Der Kollergang ist überhaupt besser als sein Ruf und würde wohl
nicht so sehr in Miſscredit gekommen sein, wenn man ihm nicht die ganze
Zerkleinerungsarbeit aufgebürdet und damit Unmögliches zugetraut hätte. Die
schleifende Bewegung bei den Walzen für die Zerkleinerung des Cementes hätte er aus
Gründen der Kraftersparniſs gern vermieden, um so mehr, als die Wirkung des
schleifenden Bewegens auf die Festigkeit des Cementes nahezu ohne Einfluſs zusein
scheint. Er hat indeſs gefunden, daſs ein praktischer Grund vorhanden ist, welcher
für eine schleifende Bewegung, also für eine Differentialgeschwindigkeit der Walzen
spricht, und zwar nur, weil das auf letzteren Walzen erzeugte Mehl sich weicher und
so anfühlt, wie es gegenwärtig im Handel gewünscht wird. In der Lüneburger Fabrik
sprang eine Walze von 300mm Breite in der Mitte,
rechtwinklig zur Achse, nachdem sie kaum 24 Stunden im Betrieb war. Die Wandstärke
betrug 70mm und zeigte einen kerngesunden Bruch,
so daſs die Erklärung für diesen Sprung wohl nur in vorhandener Guſsspannung zu
finden sein wird. Die Walzen werden von Gruson in
Coquillen gegossen. Der innere Kern kann seine Wärme nicht abführen, während der
äuſsere rasch erkaltet, und somit scheint eine Guſsspannung erklärlich.
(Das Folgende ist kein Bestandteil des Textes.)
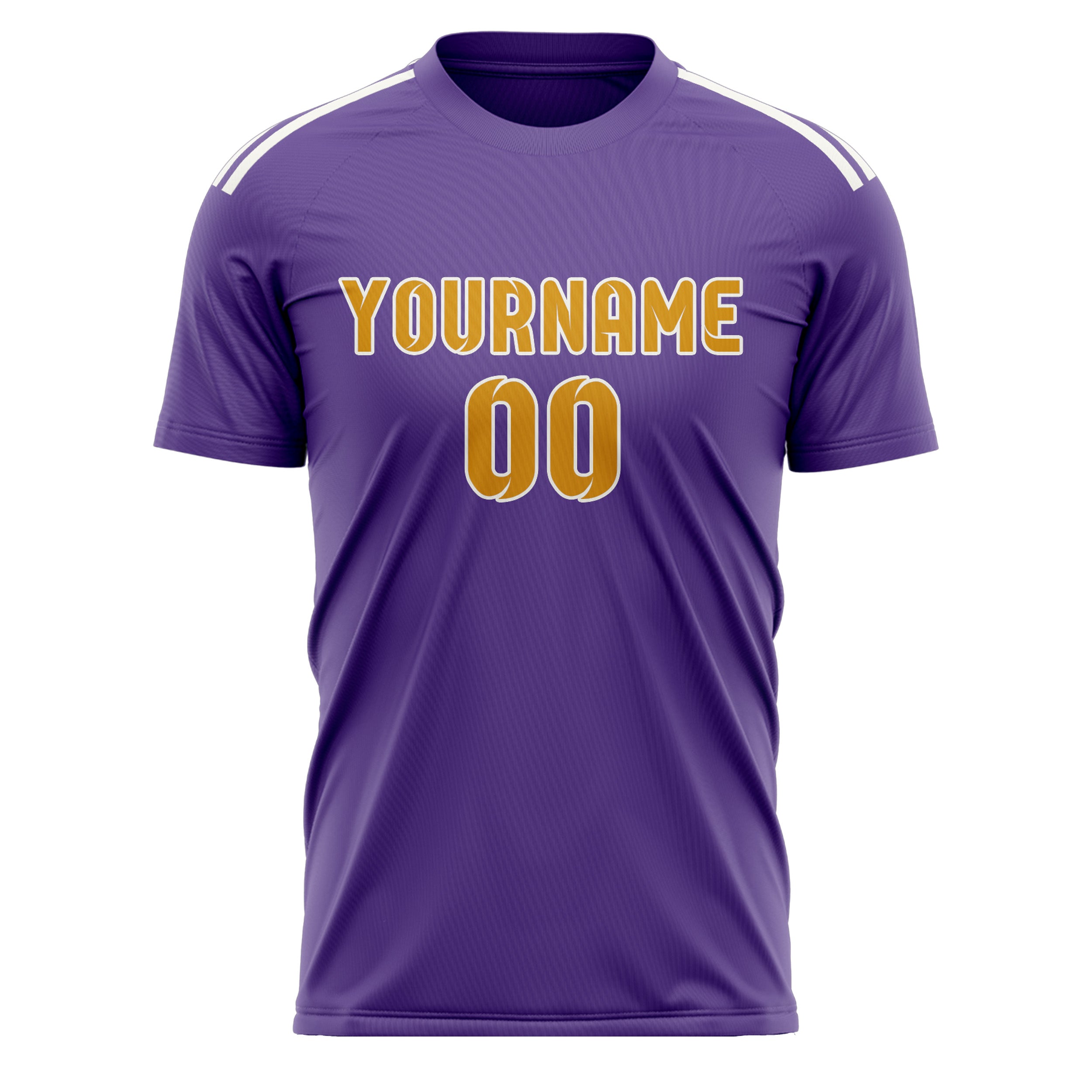 Maillot de football personnalisé violet clair et jaune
Wer heutigen Tages glaubt, bei der Cementzerkleinerung mit dieser
oder jener Maschine allein und überall durchzukommen, der befindet sich im Irrthum.
Eine einzelne
Maschine thuts wenigstens für eine geordnete Fabrikation jetzt nicht mehr, weder der
Steinbrecher allein, noch die Mörsermühle, auch nicht der Desintegrator, nicht die
Vapart'sche Schleudermühle, auch nicht die Walze, der Kollergang oder der
Luftschlemmapparat. Jede von den genannten Maschinen hat ihren Werth, thut auch ihre
Schuldigkeit, wenn man sie an der richtigen Stelle verwendet. Bei jetzigem Stande
der Cementindustrie und bei den jetzigen Anforderungen auf quantitative wie
qualitative Leistung, Kraftbedarf und Widerstandsfähigkeit der ganzen maschinellen
Einrichtung bleibt kein anderer Ausweg, als die Zerkleinerung allmählich und auf
verschiedenen aufeinander folgenden Maschinen auszuführen, so zwar daſs für jede
einzelne Maschine das Maximum ihrer Wirkungsfähigkeit gesichert bleibt. In die
Zerkleinerung greift wesentlich hinein die Sortirung und sollte dieselbe viel weiter
als bisher getrieben, vor Allem dahin ausgedehnt werden, daſs die einzelnen auf
einander folgenden Zerkleinerungsmaschinen nur gleichmäſsiges und zwar nur solches
Aufschüttgut erhalten, für das sie besonders geeignet sind. Es handelt sich durchaus
nicht mehr um einzelne Zerkleinerungsmaschinen, sondern um eine systematische
Behandlung der Zerkleinerung in Verbindung mit stetem Sortiren nach Korngröſse und
sofortigem Abführen der fertigen Producte.
Nach H. Delbrück
tritt die Frage der Abnutzung der Walzen bei ihrer Anwendung zur Feinmüllerei in den
Vordergrund. Nach seiner Erfahrung ist die Abnutzung von Guſsstahl gegenüber dem
Hartguſs von Gruson eine bedeutend gröſsere. Die ganze
Brauchbarkeit der Walzen für Feinmahlen beruht aber darauf, daſs man eine womöglich
minimale Abnutzung hat, da sich das Eisen fast nie gleichmäſsig abnutzt, so daſs
schlieſslich eine Riefelung eintreten und dann eine ganze Menge grobes Material
unzerkleinert durch die Walzen hindurchgehen wird.
Welche Mühlsteine sich am besten zum
Mahlen des gebrannten Portlandcementes eignen, läſst sich nach Prüssing nicht bedingungslos beantworten, da die
französischen Steine sowohl, wie die belgischen sehr verschiedenartig sind. In
Vorwohle hat man seit Jahren beide Arten neben einander verwendet und im Anfang
recht viel schlechte belgische Steine gehabt und deshalb den Champagner Stein
daneben beibehalten. Da aber sonst guter Champagner-Stein bei Abnutzung einer
gleichen Steinmenge nur zwei Drittel so viel Cement mahlte von gleicher Feinheit und
Härte wie guter Namur-Stein, wenn sie in ihren Leistungen sonst auch sich die Wage
hielten, so ist man schlieſslich wieder von dem Champagner-Stein abgegangen, zumal
derselbe auſserdem theurer ist als der Namur-Stein. In Wagenladungen bezogen, stellt
sich ein Champagner-Stein von 1500mm Durchmesser
und 450mm Stärke auf etwa 415 M., während der
Namur-Stein in gleicher Stärke nur 375 M. kostet. In letzter Zeit sind auch Versuche
mit dem Karpathen-Stein gemacht worden, nur stehen die Resultate noch nicht ganz
fest; indessen scheint es, daſs diese Steine hinter dem Namur-Steine nicht
zurückbleiben. Sie stellen sich franco Vorwohle auf 390 Mark.